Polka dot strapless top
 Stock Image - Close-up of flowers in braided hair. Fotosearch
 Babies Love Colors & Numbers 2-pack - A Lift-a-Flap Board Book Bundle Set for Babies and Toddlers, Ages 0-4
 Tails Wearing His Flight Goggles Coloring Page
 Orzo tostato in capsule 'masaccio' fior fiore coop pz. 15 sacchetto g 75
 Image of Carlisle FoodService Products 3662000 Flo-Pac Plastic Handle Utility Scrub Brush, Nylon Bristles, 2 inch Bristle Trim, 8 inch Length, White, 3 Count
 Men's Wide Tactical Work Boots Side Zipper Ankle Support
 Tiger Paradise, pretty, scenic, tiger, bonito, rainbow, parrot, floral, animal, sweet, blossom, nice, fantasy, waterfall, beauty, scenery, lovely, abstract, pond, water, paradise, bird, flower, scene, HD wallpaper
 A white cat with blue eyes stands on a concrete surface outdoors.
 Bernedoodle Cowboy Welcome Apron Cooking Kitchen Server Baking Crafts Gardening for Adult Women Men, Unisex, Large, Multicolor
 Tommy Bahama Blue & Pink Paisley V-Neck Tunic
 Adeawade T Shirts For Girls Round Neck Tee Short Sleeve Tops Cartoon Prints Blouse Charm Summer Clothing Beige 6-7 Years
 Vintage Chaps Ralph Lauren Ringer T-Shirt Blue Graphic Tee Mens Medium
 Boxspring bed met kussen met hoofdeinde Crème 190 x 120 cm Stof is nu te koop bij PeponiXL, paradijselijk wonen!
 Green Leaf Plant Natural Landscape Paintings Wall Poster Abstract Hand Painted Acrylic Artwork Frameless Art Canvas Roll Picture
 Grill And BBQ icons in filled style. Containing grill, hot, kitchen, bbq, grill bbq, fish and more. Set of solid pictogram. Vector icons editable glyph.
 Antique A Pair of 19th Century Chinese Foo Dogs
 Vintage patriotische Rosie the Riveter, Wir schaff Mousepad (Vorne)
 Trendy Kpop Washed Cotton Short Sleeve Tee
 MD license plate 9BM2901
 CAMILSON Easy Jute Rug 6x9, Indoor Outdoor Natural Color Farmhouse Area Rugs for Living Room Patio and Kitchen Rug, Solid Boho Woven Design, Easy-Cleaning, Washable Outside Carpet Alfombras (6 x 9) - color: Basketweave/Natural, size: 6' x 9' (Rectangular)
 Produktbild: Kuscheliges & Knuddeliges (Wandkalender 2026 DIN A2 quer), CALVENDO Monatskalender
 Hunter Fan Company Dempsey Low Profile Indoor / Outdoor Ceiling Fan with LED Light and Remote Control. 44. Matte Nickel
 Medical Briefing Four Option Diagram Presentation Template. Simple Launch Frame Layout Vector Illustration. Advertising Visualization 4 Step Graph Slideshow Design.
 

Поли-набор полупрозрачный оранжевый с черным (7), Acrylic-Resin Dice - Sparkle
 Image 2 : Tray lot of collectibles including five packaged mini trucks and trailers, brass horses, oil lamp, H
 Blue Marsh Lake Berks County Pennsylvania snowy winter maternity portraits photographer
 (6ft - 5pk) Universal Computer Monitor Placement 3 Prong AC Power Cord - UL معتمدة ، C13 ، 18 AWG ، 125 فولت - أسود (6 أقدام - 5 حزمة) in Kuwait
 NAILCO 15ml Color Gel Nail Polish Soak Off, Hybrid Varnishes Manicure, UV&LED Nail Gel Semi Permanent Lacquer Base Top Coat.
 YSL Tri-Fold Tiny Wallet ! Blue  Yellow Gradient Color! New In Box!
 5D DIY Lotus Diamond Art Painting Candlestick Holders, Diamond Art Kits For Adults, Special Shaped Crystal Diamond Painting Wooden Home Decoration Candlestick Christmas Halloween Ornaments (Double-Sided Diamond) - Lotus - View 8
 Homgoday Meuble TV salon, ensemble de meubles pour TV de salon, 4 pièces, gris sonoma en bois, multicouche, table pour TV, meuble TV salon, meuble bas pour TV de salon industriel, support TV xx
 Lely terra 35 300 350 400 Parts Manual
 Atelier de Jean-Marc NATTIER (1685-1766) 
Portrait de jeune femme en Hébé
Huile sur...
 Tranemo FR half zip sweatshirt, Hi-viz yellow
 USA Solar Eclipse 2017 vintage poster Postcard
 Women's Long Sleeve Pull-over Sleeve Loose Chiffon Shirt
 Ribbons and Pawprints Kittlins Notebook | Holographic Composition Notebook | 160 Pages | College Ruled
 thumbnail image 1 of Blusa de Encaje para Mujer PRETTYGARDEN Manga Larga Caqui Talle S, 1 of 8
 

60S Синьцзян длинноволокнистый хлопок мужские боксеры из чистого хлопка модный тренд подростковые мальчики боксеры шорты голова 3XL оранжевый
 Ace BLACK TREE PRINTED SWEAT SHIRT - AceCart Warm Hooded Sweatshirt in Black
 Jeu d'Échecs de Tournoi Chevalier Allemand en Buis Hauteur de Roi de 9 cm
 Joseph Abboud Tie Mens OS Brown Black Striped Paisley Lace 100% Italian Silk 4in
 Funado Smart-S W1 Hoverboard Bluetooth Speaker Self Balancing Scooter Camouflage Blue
------------------------------------
# Brief
Each line of the data is to be transcribed exactly.

# The answer
Polka dot strapless top
 Stock Image - Close-up of flowers in braided hair. Fotosearch
 Babies Love Colors & Numbers 2-pack - A Lift-a-Flap Board Book Bundle Set for Babies and Toddlers, Ages 0-4
 Tails Wearing His Flight Goggles Coloring Page
 Orzo tostato in capsule 'masaccio' fior fiore coop pz. 15 sacchetto g 75
 Image of Carlisle FoodService Products 3662000 Flo-Pac Plastic Handle Utility Scrub Brush, Nylon Bristles, 2 inch Bristle Trim, 8 inch Length, White, 3 Count
 Men's Wide Tactical Work Boots Side Zipper Ankle Support
 Tiger Paradise, pretty, scenic, tiger, bonito, rainbow, parrot, floral, animal, sweet, blossom, nice, fantasy, waterfall, beauty, scenery, lovely, abstract, pond, water, paradise, bird, flower, scene, HD wallpaper
 A white cat with blue eyes stands on a concrete surface outdoors.
 Bernedoodle Cowboy Welcome Apron Cooking Kitchen Server Baking Crafts Gardening for Adult Women Men, Unisex, Large, Multicolor
 Tommy Bahama Blue & Pink Paisley V-Neck Tunic
 Adeawade T Shirts For Girls Round Neck Tee Short Sleeve Tops Cartoon Prints Blouse Charm Summer Clothing Beige 6-7 Years
 Vintage Chaps Ralph Lauren Ringer T-Shirt Blue Graphic Tee Mens Medium
 Boxspring bed met kussen met hoofdeinde Crème 190 x 120 cm Stof is nu te koop bij PeponiXL, paradijselijk wonen!
 Green Leaf Plant Natural Landscape Paintings Wall Poster Abstract Hand Painted Acrylic Artwork Frameless Art Canvas Roll Picture
 Grill And BBQ icons in filled style. Containing grill, hot, kitchen, bbq, grill bbq, fish and more. Set of solid pictogram. Vector icons editable glyph.
 Antique A Pair of 19th Century Chinese Foo Dogs
 Vintage patriotische Rosie the Riveter, Wir schaff Mousepad (Vorne)
 Trendy Kpop Washed Cotton Short Sleeve Tee
 MD license plate 9BM2901
 CAMILSON Easy Jute Rug 6x9, Indoor Outdoor Natural Color Farmhouse Area Rugs for Living Room Patio and Kitchen Rug, Solid Boho Woven Design, Easy-Cleaning, Washable Outside Carpet Alfombras (6 x 9) - color: Basketweave/Natural, size: 6' x 9' (Rectangular)
 Produktbild: Kuscheliges & Knuddeliges (Wandkalender 2026 DIN A2 quer), CALVENDO Monatskalender
 Hunter Fan Company Dempsey Low Profile Indoor / Outdoor Ceiling Fan with LED Light and Remote Control. 44. Matte Nickel
 Medical Briefing Four Option Diagram Presentation Template. Simple Launch Frame Layout Vector Illustration. Advertising Visualization 4 Step Graph Slideshow Design.
 

Поли-набор полупрозрачный оранжевый с черным (7), Acrylic-Resin Dice - Sparkle
 Image 2 : Tray lot of collectibles including five packaged mini trucks and trailers, brass horses, oil lamp, H
 Blue Marsh Lake Berks County Pennsylvania snowy winter maternity portraits photographer
 (6ft - 5pk) Universal Computer Monitor Placement 3 Prong AC Power Cord - UL معتمدة ، C13 ، 18 AWG ، 125 فولت - أسود (6 أقدام - 5 حزمة) in Kuwait
 NAILCO 15ml Color Gel Nail Polish Soak Off, Hybrid Varnishes Manicure, UV&LED Nail Gel Semi Permanent Lacquer Base Top Coat.
 YSL Tri-Fold Tiny Wallet ! Blue  Yellow Gradient Color! New In Box!
 5D DIY Lotus Diamond Art Painting Candlestick Holders, Diamond Art Kits For Adults, Special Shaped Crystal Diamond Painting Wooden Home Decoration Candlestick Christmas Halloween Ornaments (Double-Sided Diamond) - Lotus - View 8
 Homgoday Meuble TV salon, ensemble de meubles pour TV de salon, 4 pièces, gris sonoma en bois, multicouche, table pour TV, meuble TV salon, meuble bas pour TV de salon industriel, support TV xx
 Lely terra 35 300 350 400 Parts Manual
 Atelier de Jean-Marc NATTIER (1685-1766) 
Portrait de jeune femme en Hébé
Huile sur...
 Tranemo FR half zip sweatshirt, Hi-viz yellow
 USA Solar Eclipse 2017 vintage poster Postcard
 Women's Long Sleeve Pull-over Sleeve Loose Chiffon Shirt
 Ribbons and Pawprints Kittlins Notebook | Holographic Composition Notebook | 160 Pages | College Ruled
 thumbnail image 1 of Blusa de Encaje para Mujer PRETTYGARDEN Manga Larga Caqui Talle S, 1 of 8
 

60S Синьцзян длинноволокнистый хлопок мужские боксеры из чистого хлопка модный тренд подростковые мальчики боксеры шорты голова 3XL оранжевый
 Ace BLACK TREE PRINTED SWEAT SHIRT - AceCart Warm Hooded Sweatshirt in Black
 Jeu d'Échecs de Tournoi Chevalier Allemand en Buis Hauteur de Roi de 9 cm
 Joseph Abboud Tie Mens OS Brown Black Striped Paisley Lace 100% Italian Silk 4in
 Funado Smart-S W1 Hoverboard Bluetooth Speaker Self Balancing Scooter Camouflage Blue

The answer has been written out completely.